Mouthguard for Braces
A mouthguard for braces is a mouthpiece that is worn on either the upper or lower jaw, depending on the need of the patient. They are fabricated a certain way, beginning with the taking of a dental impression. An impression or copy of the jaws is taken, so that an appropriate stone may be used to create the cast or mould. Now once the cast is available, the mould may be run under the vacuum to fabricate a snug-fit mouthguard that should protect the teeth, the soft tissues, the bone and the jaws.
At first glance, you may think that mouthguards are only meant to protect the teeth, but it does so much more than that. You just have to think of it this way, when a patient is wearing a mouthguard he is directly providing protection to the teeth that should cushion any force to the teeth, as well as the other structures in the mouth. It provides some protection to the tissues that may be cut when they come into physical contact; it provides cushioning to the bone and the jaws that often endure the trauma that comes with constant wear and tear from occlusion. By wearing mouthguards, due protection is given to the patient, and it may be helpful not just for normal patients, but also for those wearing braces.

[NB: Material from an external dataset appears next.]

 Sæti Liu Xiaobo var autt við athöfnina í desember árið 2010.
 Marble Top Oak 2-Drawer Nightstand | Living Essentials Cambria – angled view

The Necessity of Mouthguards for Braces
Normally, mouthguards may be prescribed to patients who grind their teeth at night and also to those who engage in a lot of physical activity, such as sports. The material used for the fabrication of the appliance is quite thick, therefore offering much protection and cushioning that will absorb physical blow. When the patient is undergoing treatment with braces, the use of a mouthguard is going to be valuable:
For athletes that deal with balls that come flying in the air and have a high likelihood of landing on the face, specifically on the mouth, the use of mouthguards will be important so that instead of hitting the mouth blind and causing the teeth to fracture and the tissues to get cut because of the braces, some protection may be afforded to the patient. This is true for those playing basketball, football, soccer and rugby.
For athletes that engage in sport events that involve a lot of physical contact such as martial arts, boxing and even those already mentioned on the previous item, the wearing of a mouthguard is quite important because it protects the teeth and the other structures from a physical blow to the face.
For athletes that are not exactly engaging in a lot of physical contact but are put in danger of hurting their teeth because they are put in a moving object or animal, it is often best to afford some protection in case they fall and hit themselves in the face. An example of these those who race cars, bicycles, motorcycles and even those who ride horses and the like.
Just imagine this, without the mouthguard your metal-mouth will be completely exposed to anything. It will be open for objects flying and it will be open for any kind of attack or contact that may lead to teeth fracture, soft tissue and bone injury and so forth. Without a mouthguard, your mouth will be open for anything so that when a blow to the face comes, your soft tissues come into contact with the lips and the soft tissues, so that cuts and breaks may be incurred. Apart from that, the blow may bring fractures to the bone and even to the teeth.
When the patient is wearing a mouthguard for braces, you are not really guaranteed anything, but the extra protection that you are provided with helps to cushion the blow that should preserve the different structures of the mouth.